1. Answer Without Fault: Count One Feather
Design professionals shall answer in law for harms caused by their negligence. All fifty states say this is true. Exceptions are unknown, unless the design professional contracts for one. Then, coup is counted on you.
Indemnity agreements compelling you to answer for all claims, demands, damages and expenses:
in any way caused by the Architect/ Engineer's services, this contract, or the performance of this project. . .
invite you to repeal the law of negligence in our case. Do not misjudge the power in your own hand: You can forfeit blessings.
If you do, you will be responsible whenever the acts you did or did not do can be connected with the harm. The quality of your act would not matter. That everything you did was reasonable, that everything you did was more than reasonable, would not matter. You will answer for harms without blame, without fault, without negligence.
Something very valuable just left your camp: The standard of care. Negotiations to retrieve it will go badly. The coup counted on you can be fatal.

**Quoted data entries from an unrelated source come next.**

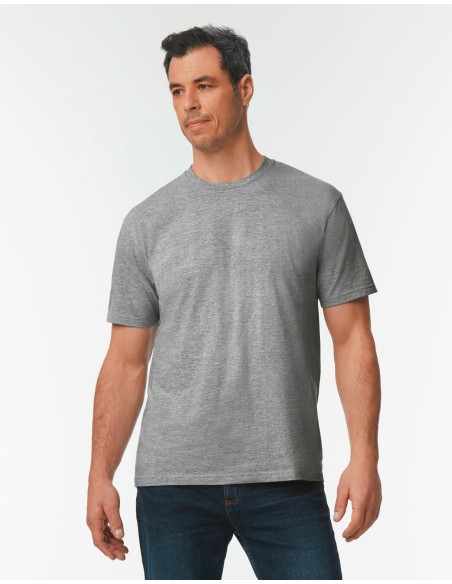 Softstyle Midweight Adult T-Shirt21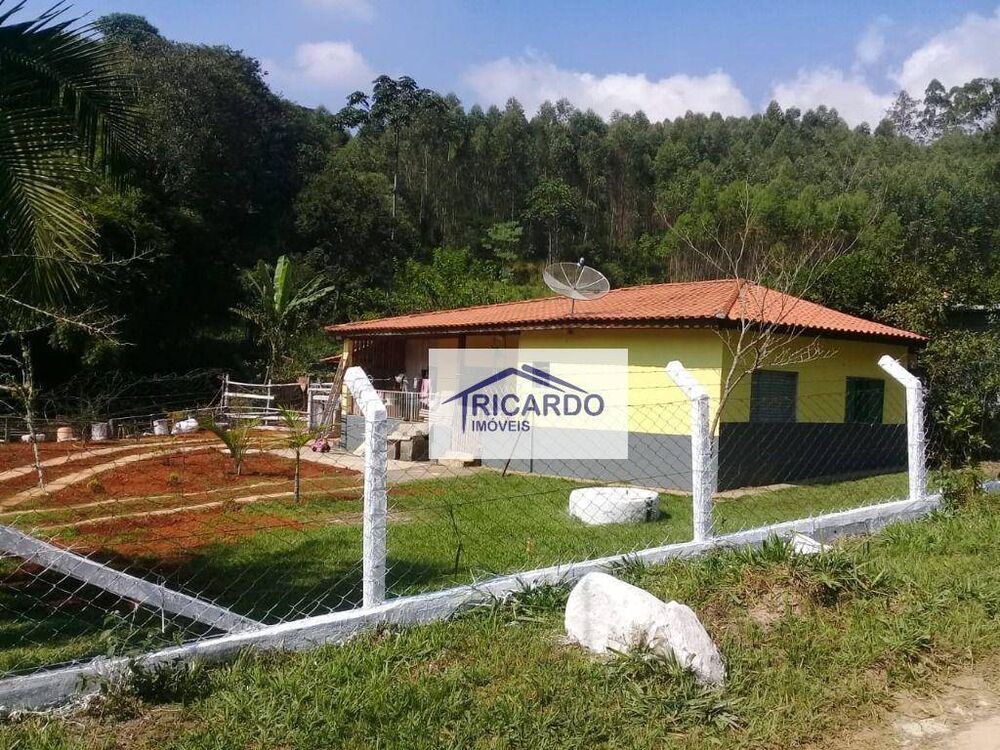 Chácara, 2 quartos, 1100 m² - Foto 2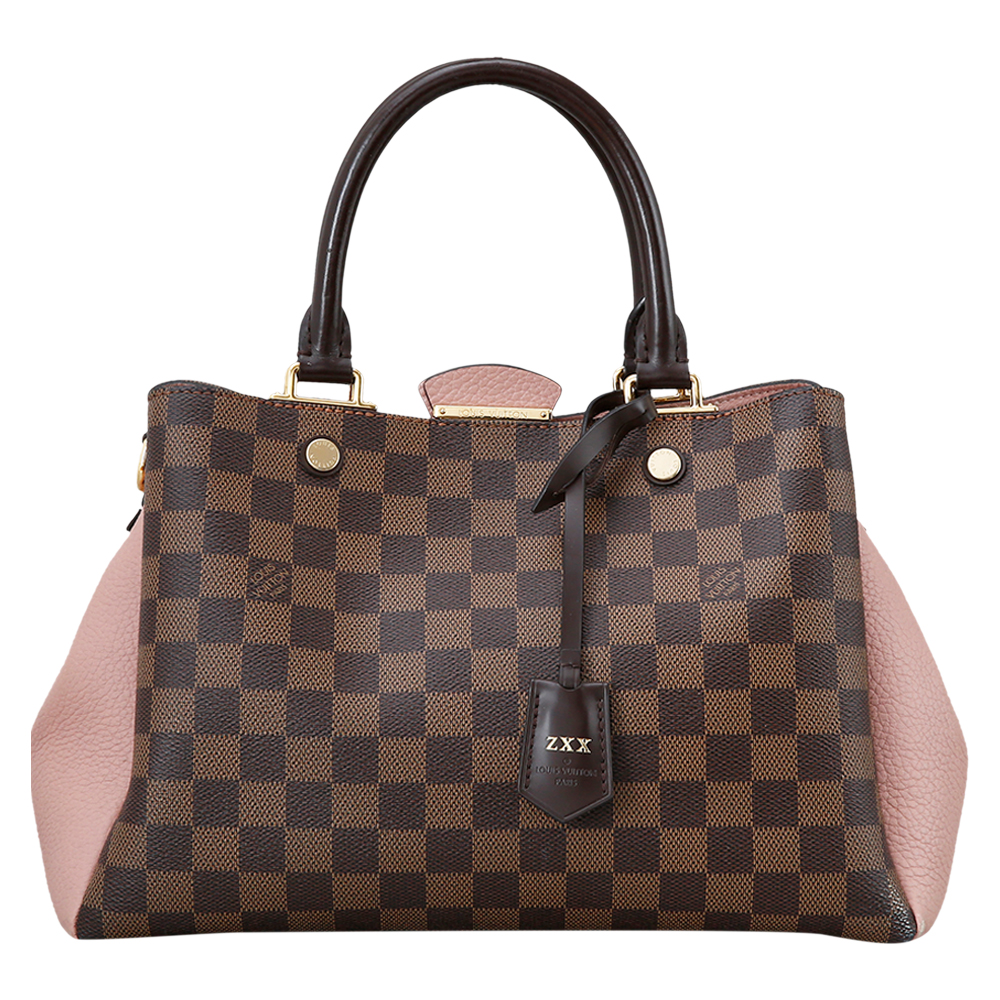 LOUIS VUITTON(USED) 루이비통 다미에 에벤 브리타니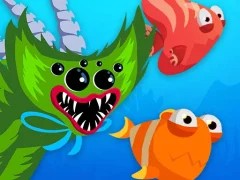 遊戲Eat The Fish IO在線
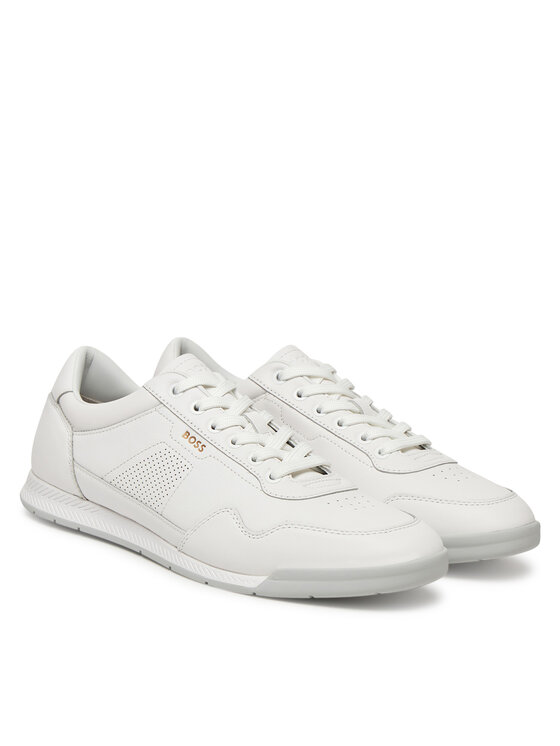 BOSS BOSS Sneakers Titanium Sl 50542099 Alb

2. Answer for Any Consequence: Count a Second Feather
Keepers of the law's wisdom established that no person in ordinary circumstances, even w hen negligent, should be made to answer for harm unless his conduct was a material element and substantial factor in bringing it about. They call the limit on responsibility for remote consequences proximate cause, but scant showing of it is required when you promise to answer for harms that are:
related in any way..., OR... arise in any way...,OR... are connected in any way to the service performed under this Agreement.
Consequences fitting that promise reach harms beyond the vision of any person to see. No pony is tall enough, and no eagle flies so high.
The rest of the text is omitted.